Most won’t want do this. As a result they’re less likely to be compelled into the action you want from them.
If you write in benefits, you make it easy for your customers. You’re selling them the image of their improved lives with the gaps already filled in. They don’t need work to imagine that life – all that’s left is for them to agree to the action you want from them.
Benefits make it more likely that you’ll compel them into your desired action.
+ So what are features and benefits?
Here are two useful phrases to keep in mind when it comes to features and benefits:
• Features tell – Benefits sell
• Our features – Your benefits
Features list what the company has. They’re like the company doing a show-and-tell, “here are all the things we have, aren’t they great?” Well yes, sure, that’s great for you, but what about your customers?
Benefits tell the customer simply and directly how your product or service can make their lives better. “This is what’s on offer for you.” Benefits sell by painting a picture of your customer’s improved lives with your product in it.
+ How-to spot a feature
If you have written the following words often in your copy, it’s likely you have written in features and not benefits: We, us, our, my and your name. Don’t ‘wee’ on people! Your copy should be from you but not about you; your copy should be about your customer.

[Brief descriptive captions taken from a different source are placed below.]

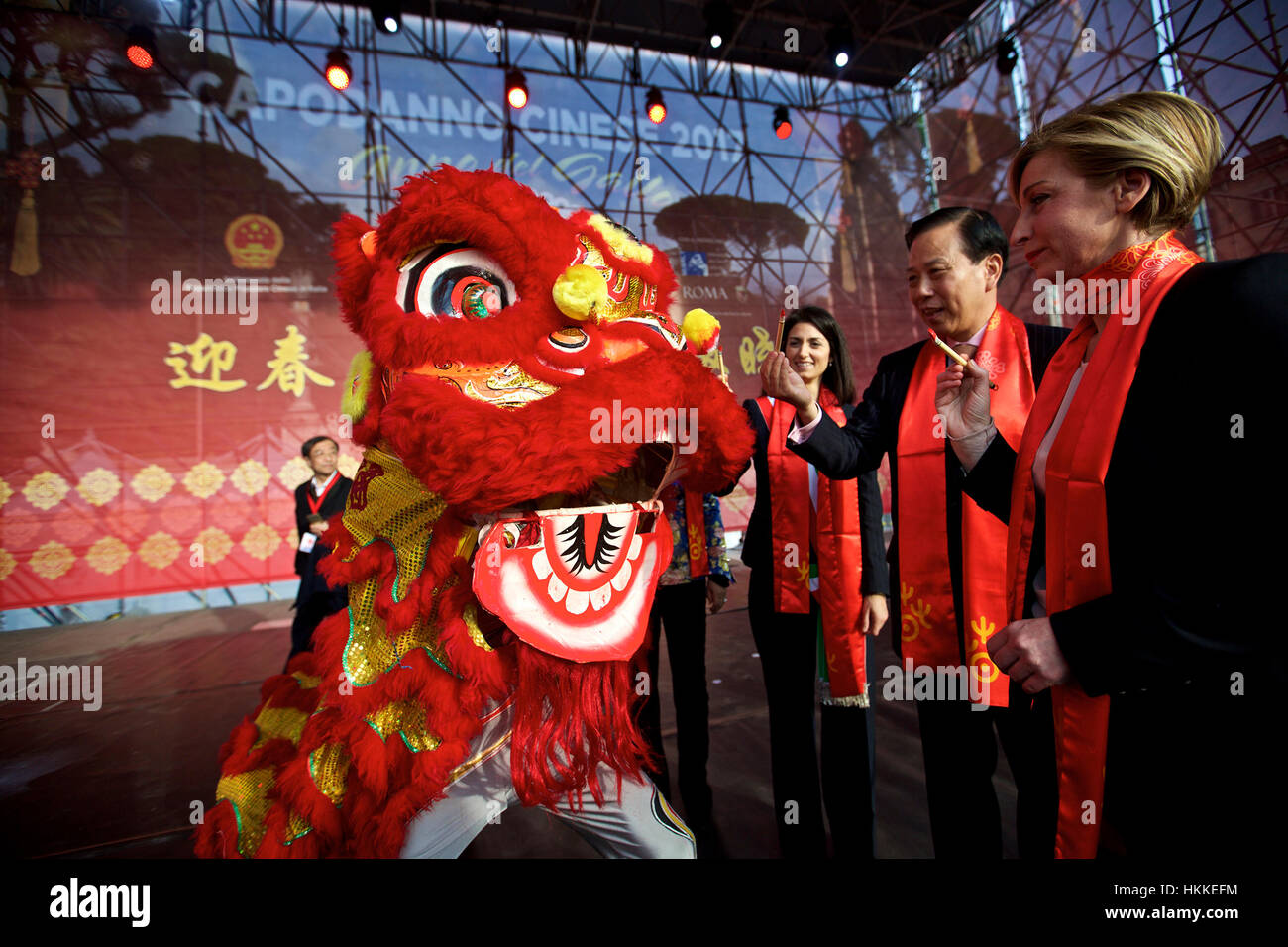 Rome, Italy. 28th Jan, 2017. Chinese ambassador to Italy Li Ruiyu (2nd R), Rome Mayor Virginia Raggi (3rd R) and Italian tourism undersecretary Dorina Bianchi (1st R) paint the eyes of the dancing lion to celebrate the Chinese Lunar New Year in downtown Rome, Italy, Jan. 28, 2017. Credit: Jin Yu/Xinhua/Alamy Live News Stock Photo
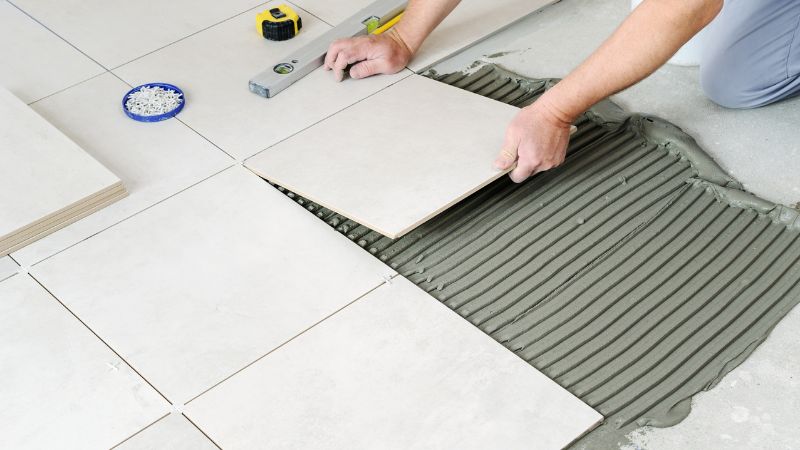 encollage de carreaux en ceramique par un carreleur professionnel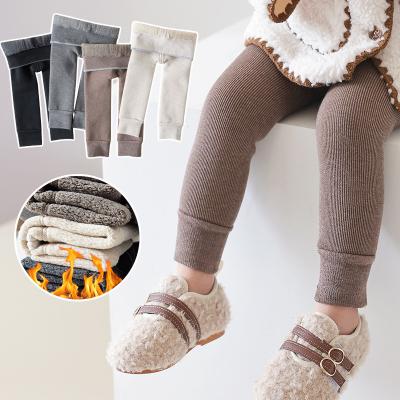 China Solid Color Fuzzy Warm Baby Color Fade Proof Winter Cashmere Thermal Thick Warm Kids Fluffy Pants Cozy Leggings for sale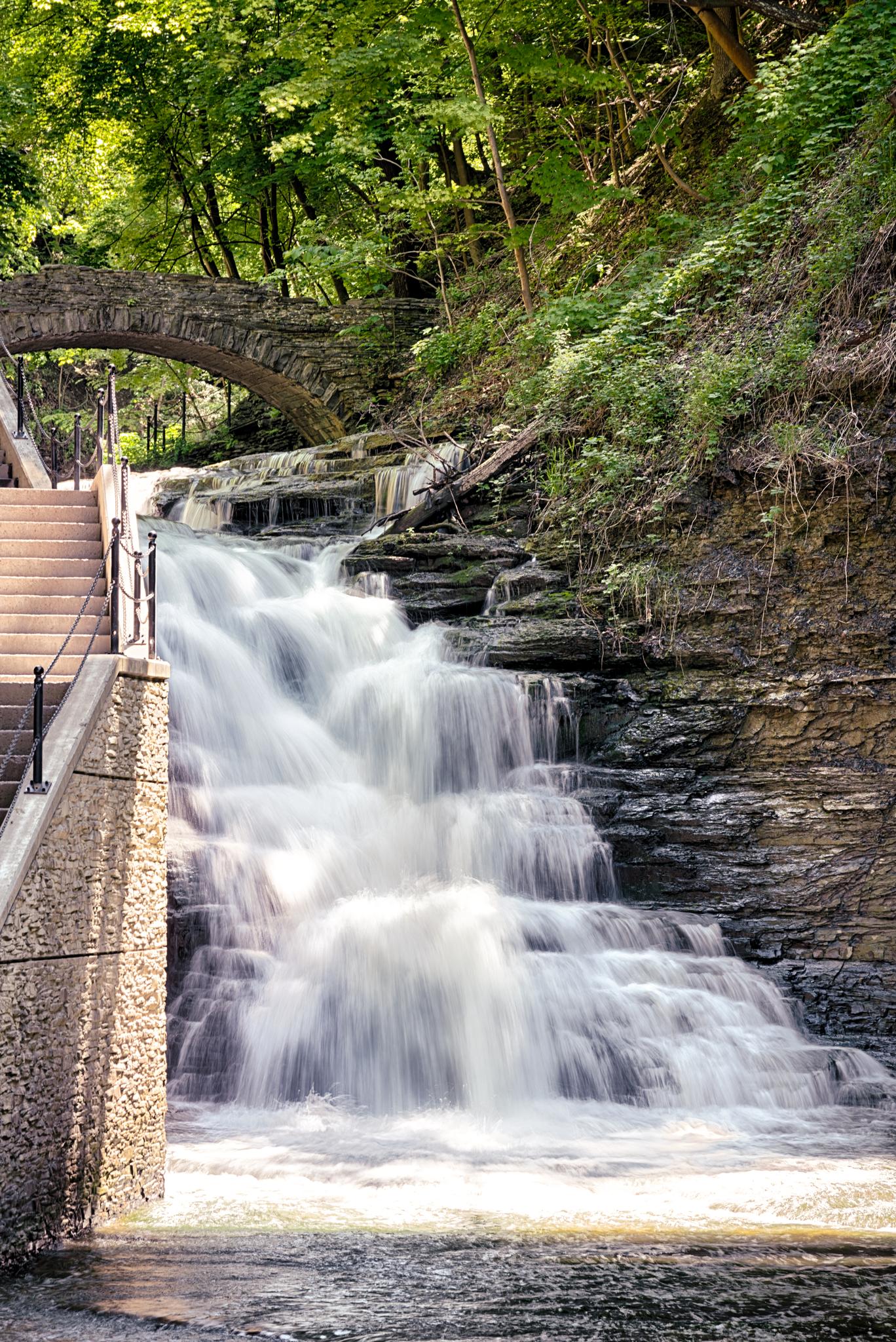 Cascading waterfall next to stone stairs and an arched bridge in a sunny gorge.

The key is striking the right balance, as writing features is still necessary sometimes. A good guide is to aim use ‘you’ around three or four times as often as ‘we’.
Turning features into benefits
A simple trick can turn a list of features into a list of benefits.
• Write the feature down
• Write “which means that”
• Write down why this feature would be important to the customer. This is your benefit.
Or ask the question “so what?” about each benefit. Imagine yourself a potential customer reading your copy. Do you have to work hard to understand why you’d benefit from buying that product? If so, go back through and change the features into benefits!
Writing benefits takes practice, but doing so will be worth its weight in gold to you – and that’s just the first of the benefits!